Nick: “I think it's good just to kind of just start thinking about something else. Because media, as we know, is essentially dead.”

Allison: “I mean, it's not going to go away. But yeah, it depends who's going to be making money off of it. And the thing about NFT's and crypto and stuff is that it is rife with potential for class warfare. And I think that's why people want it to look as ridiculous as it does. Because if people realize the power of these systems, we can do some crazy rebalancing shit. We could do really put power to the right people, build systems that are equitable, but I don't know what look like yet. I don't have answers.”

Nick: “I'm in the same boat. I'm with you. I'm hopeful, though. I feel like shit finally got so bad that it has to change.”
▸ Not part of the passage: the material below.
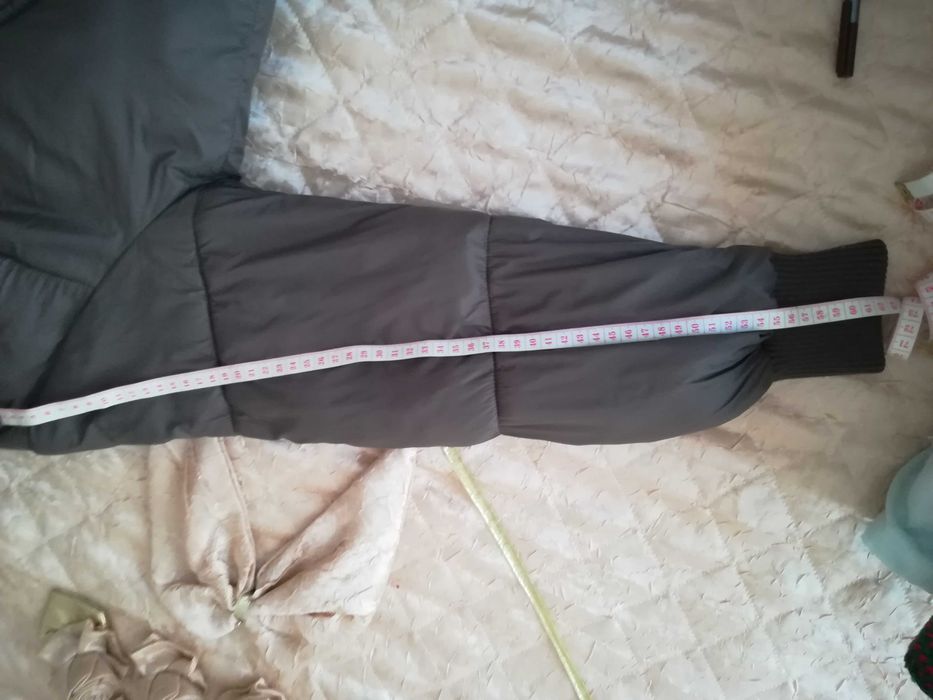 Яке Зара, ново, размер XL Zara, зелено, ново,  никога не обличано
Allison: “It has to be us. I mean, I'm 41. I'm very aware of the people who come behind me and things that I do affect their future. So what can I do to these very fucked up things like. I'm smart. I have the experience. I'm smart, and I'm brave. I take risks and I'm fucking insane. And I have a brain that like, just won't quit. So I kind of have a responsibility to do these things. And so yeah, let's try an ebook or an NFT magazine or Substack. And this and that, and maybe I can start creating stuff that other people who are even smarter than me can rip off or off and build on. And then the writers behind us, they're gonna build something better than we do after society's done collapsing.”
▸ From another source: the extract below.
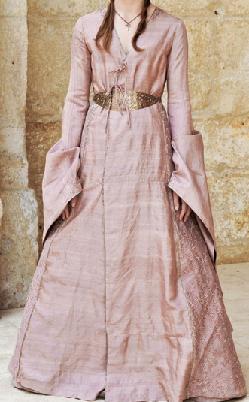 sansa stark dress gown roleplaying cosplay costume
Nick: “I wrote a fucking NFT novella. You know. Just, what the hell. Like why not?”

Allison: “Why not? Like, throw everything at the wall? We don't know what's gonna happen. When I moved to Baltimore, one of the reasons I picked this city above everything, and the reason I loved growing up in New York, because I was born in 1980, like right after the city had declared bankruptcy in the 70s. And when you're at the bottom, there's nothing left to lose. You can try anything. You have unrestricted freedom to be creative, because if it works, great. If it doesn't, what the fuck did you lose? Nothing. You have the power to be imaginative. So yes, again, society collapsing. It is terrifying. Things are gonna get really, really bad. They're gonna be really bad, and they're gonna be bad for a while. And as much as we freak out about that, it's not going to stop it. We have no fucking control over any of this shit. Damage is done. We're here for the ride. So, again, what are we building? Like? Are we gonna sit here and be scared while really evil people figure out how to give us this robot New World Order? Or they're treating the singularity to be just a fucking like a, you know, a demon? Or are we the ones who are like, okay, what do we have to lose? Honestly, what the fuck do we have to lose? Nothing to lose and everything to gain. Someone's got to do it. So let's do it. We can do it. Us.”

Quotes from this interview have been edited for clarity.